──────── Entries shown
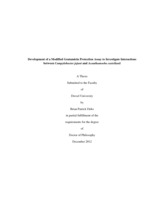 Development of a modified gentamicin protection assay to investigate interactions between Campylobacter jejuni and Acanthamoeba castellanii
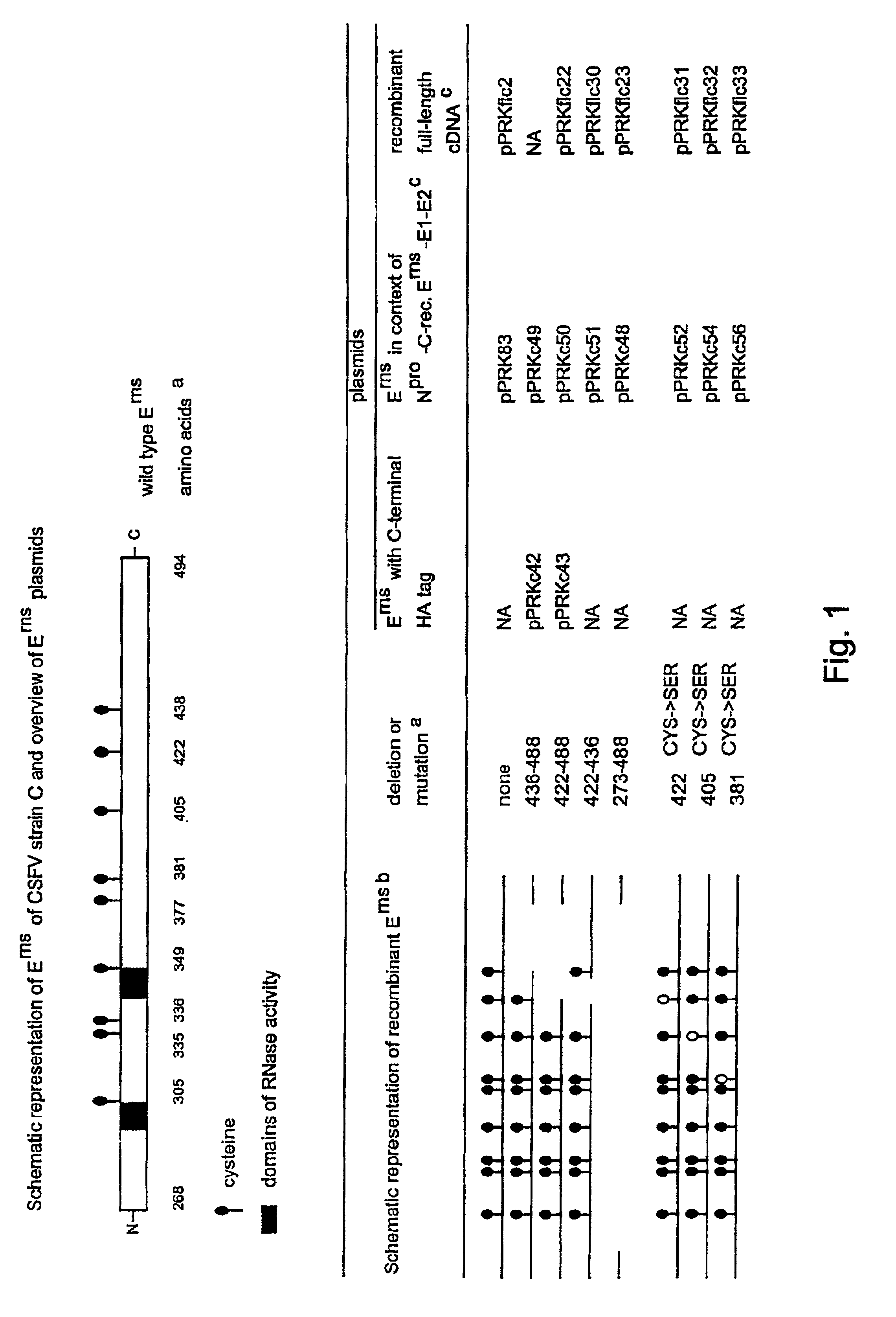 Non-spreading pestivirus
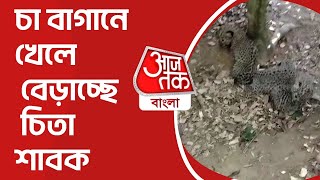 চা বাগানে খেলে বেড়াচ্ছে চিতা শাবক | leopard child | Viral Video | Aaj Tak Bangla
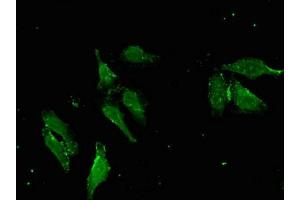 Immunofluorescence (IF) image for anti-Apolipoprotein B mRNA Editing Enzyme, Catalytic Polypeptide-Like 4 (Putative) (APOBEC4) (AA 221-367) antibody (ABIN7166683)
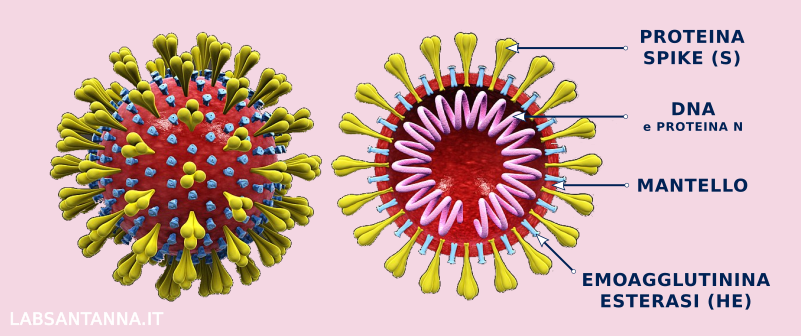 Laboratorio Sant'Anna: coronavirus 3D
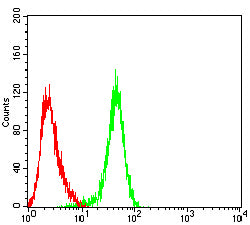 Figure 5:Flow cytometric analysis of Jurkat cells using PDLIM7 mouse mAb (green) and negative control (red).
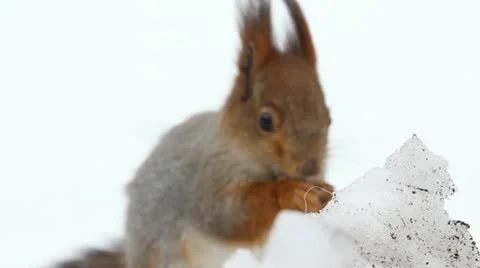 Protein and nuts Video stock 11018257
────────────────
*What you are asked to do:* Transcribe every line from the one containing "Non-spreading pestivirus" to the end of the listing, exactly and exclusively. Do not carry any picture over.

*Solution to the problem:*
 Non-spreading pestivirus
 চা বাগানে খেলে বেড়াচ্ছে চিতা শাবক | leopard child | Viral Video | Aaj Tak Bangla
 Immunofluorescence (IF) image for anti-Apolipoprotein B mRNA Editing Enzyme, Catalytic Polypeptide-Like 4 (Putative) (APOBEC4) (AA 221-367) antibody (ABIN7166683)
 Laboratorio Sant'Anna: coronavirus 3D
 Figure 5:Flow cytometric analysis of Jurkat cells using PDLIM7 mouse mAb (green) and negative control (red).
 Protein and nuts Video stock 11018257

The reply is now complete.